As it should, in part. Working at the TVA is a huge responsibility, as made clear by those two first episodes. The imminent collapse of the Temporal Loom and the recent mass pruning of branched timelines by General Dox (Kate Dickie), killing trillions of beings, are two very different examples of how important this job is, and why it requires centered and sensible people to do it. People like Mobius are what prevent the branching of multiple timelines and help avoid genocides such as Dox’s. But not everyone at the TVA is as aware of their purpose and as reasonable as Mobius, and that has other kinds of moral and philosophical implications.

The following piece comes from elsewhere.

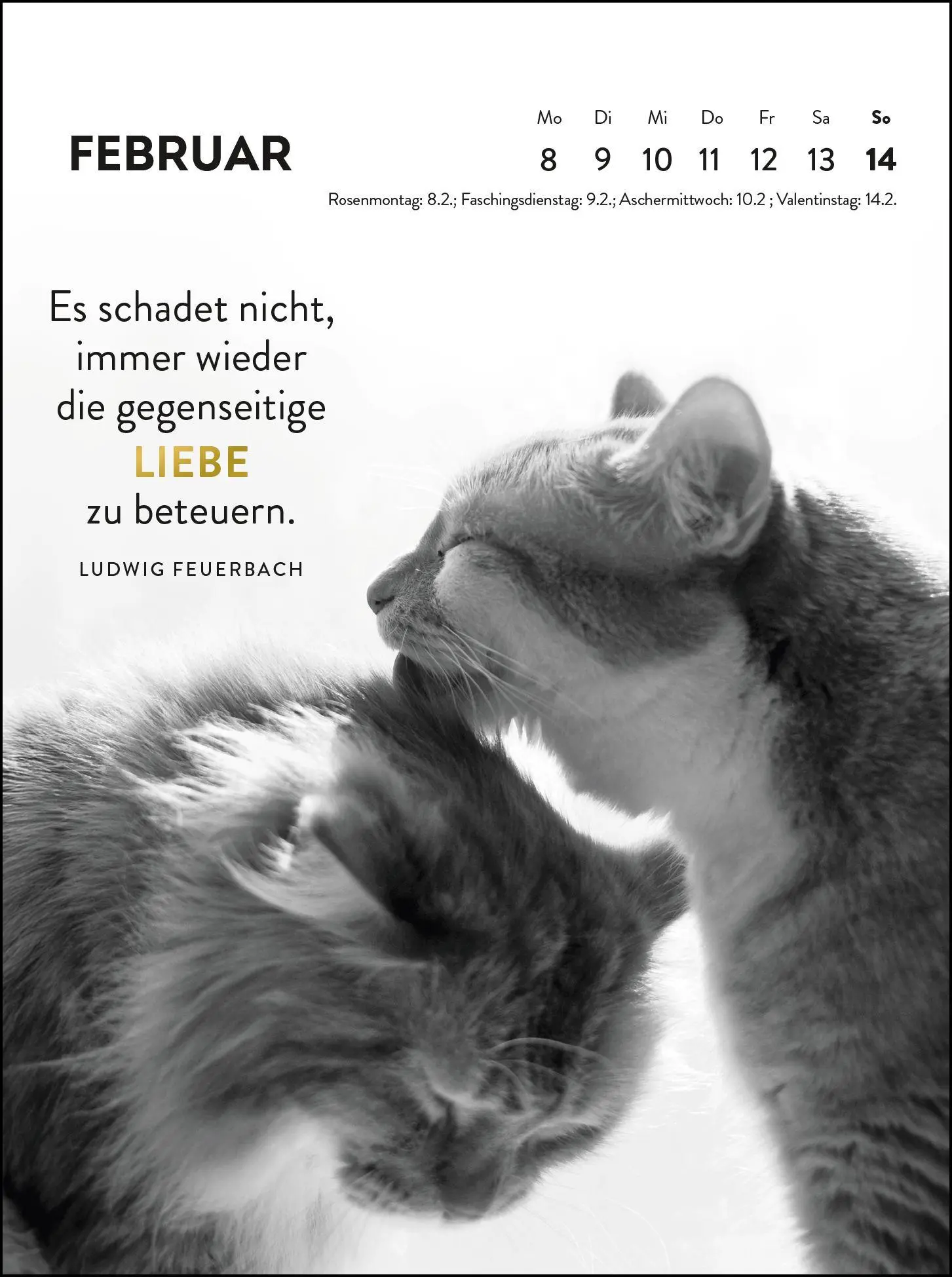 Bild: 4036442014783 | Wochenkalender 2027: Goldene Katzenweisheiten für jeden Tag | Verlag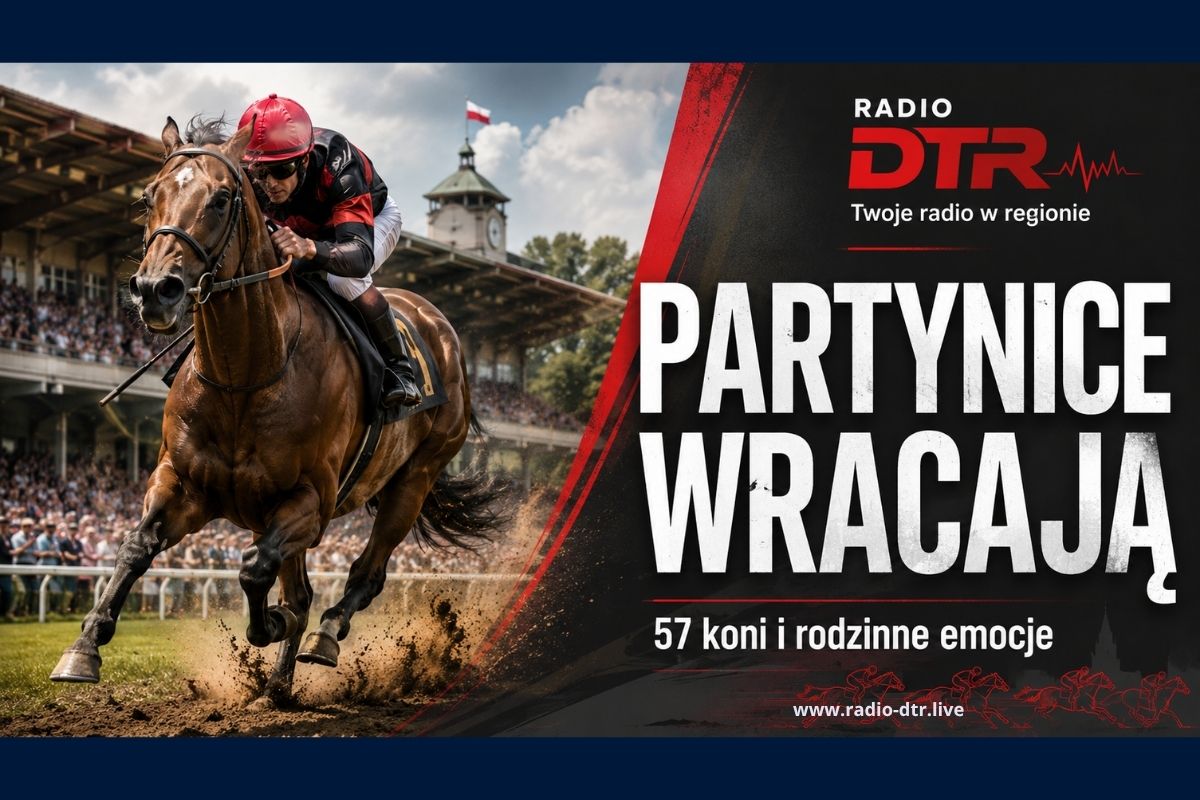 partynice i wyscigi konne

Mobius Relates to Pluto’s Allegory of the Cave

An arrested Loki (Tom Hiddleston) and TVA employee Mobius (Owen Wilson) together in
Image via Disney

There’s an important philosophical aspect about Mobius’ character and his future in Loki that’s related to Plato’s allegory of the Cave. This concept speaks of how educated we are about our own reality, describing a group of people who live in a dark cave, the only source of light being a hole through which shadows of the outside world can be seen. For the people inside the cave, the shadows are all that exists, as they are not aware of what really makes these shapes, and finding out means confronting everything they know about reality itself.

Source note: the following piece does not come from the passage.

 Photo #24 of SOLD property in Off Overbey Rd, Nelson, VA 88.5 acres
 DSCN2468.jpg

Right now, Mobius is one of the people who are sitting tight inside the dark TVA cave, seeing the shadows projected onto the wall going about their lives outside, and thinking this is all there is to reality. Brad, on the other hand, actually left the cave and came back to tell people about what is really outside, but it’s not easy to face this kind of revelation. Mobius’s current reality as a TVA Agent is safe, and living it means he has a purpose and is important. This is something he takes very seriously — doing his job just right — even though he doesn’t fully understand it, and is starting to see what’s behind some of the shadows on the allegorical cave wall.

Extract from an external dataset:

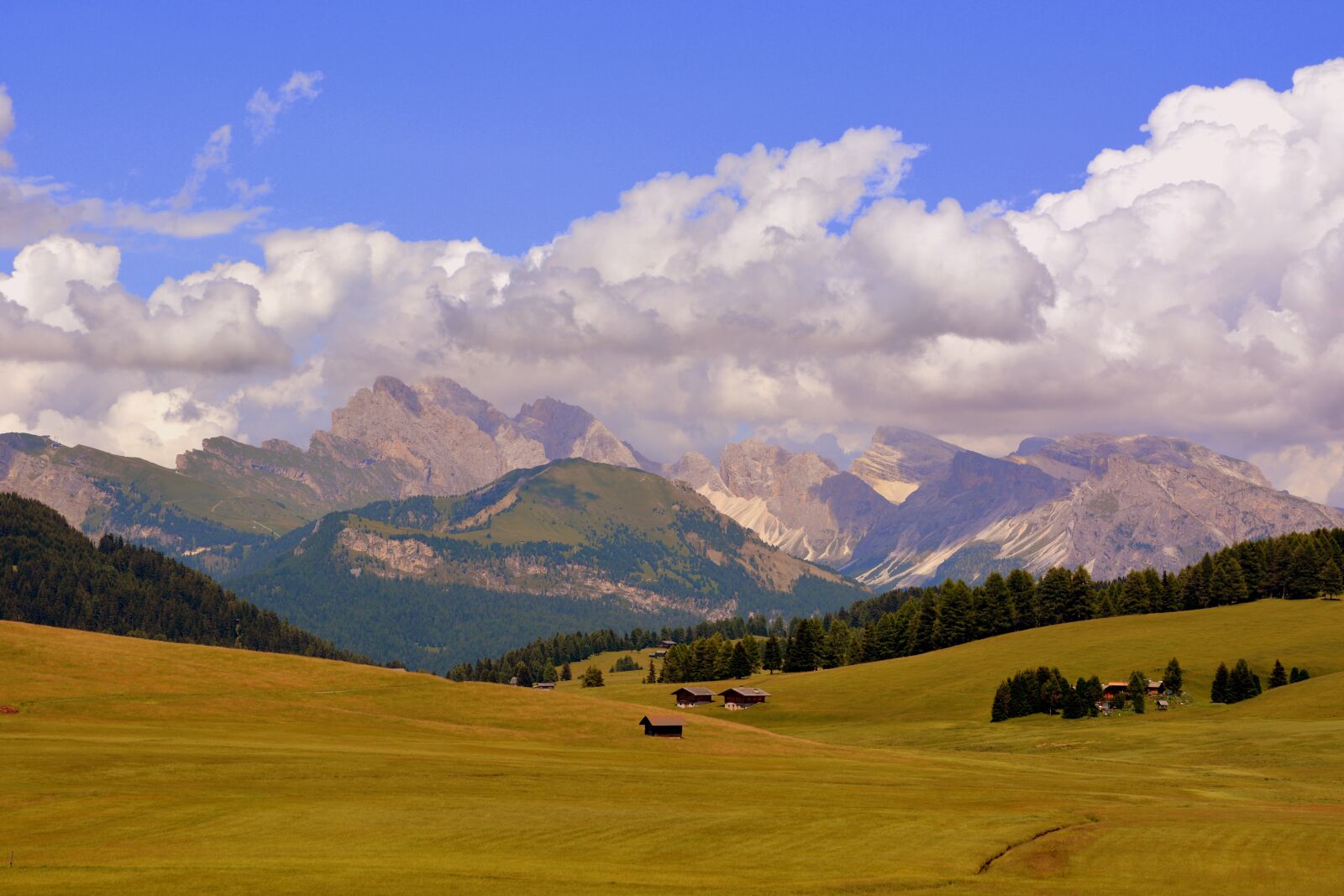 Nikon D7100 sample photo. Prato, prairie, dolomites photography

Some people go through life opting to stay inside the cave and are perfectly fine with this decision. This isn’t really something inherently good or bad, just something to be reflected upon in terms of cause and consequences. But that’s for real life, not for someone like Mobius. Right now, he’s a sort of shatter point, a liability inside the TVA, with the potential to bring everything down with him if he were to find out what his life was like before the TVA. His being the perfect TVA employee is what holds everything together, even if he’s not aware of it; but, at the same time, he has a right to know what’s really happening outside the cave, and there’s no way of knowing what will happen if he ever does. He may be in for a surprise knowing his life at the TVA is better, but there’s also the very real possibility that his life was great too — just look at Brad.

RELATED: Who Is Zaniac? Explaining ‘Loki’ Season 2’s Weirdest Easter Egg

Will We Ever See Mobius on His Jet Ski in ‘Loki’?

Owen Wilson as Mobius in Loki on Disney+
Image via Marvel

Another relevant reference about Mobius and his arc this season is Brad calling him a “nowhere man.” That’s the name of one of the best songs by The Beatles, in which John Lennon describes a man who “doesn’t have a point of view” and “knows not where he’s going to,” and begs him to “please listen” because he doesn’t know what he’s missing. The world is at his command, but “he’s as blind as he can be and just sees what he wants to see.” This sounds a lot like Loki talking to Mobius about what his life was like before the TVA, and, even though Mobius refuses, it does seem like we’re going to see it.

The possibility of Mobius missing out on an awesome life in the Sacred Timeline is actually very big. In Season 1, it’s established that he has a weird fixation on jet skis. This is funny at first, but, over time, it began to make a lot more sense. The reveal that every TVA employee is actually a variant means all of them had lives before, and Mobius’ love for jet skis is definitely a hint about what he used to do then. In fact, the teasers and trailers for Loki Season 2 all show Loki himself time slipping and reappearing in front of a place called Piranha Powerstore, which has two jet skis at the entrance. It seems that a life of jet skis and water sports is at Mobius’ command should he want it, he just doesn’t know it yet.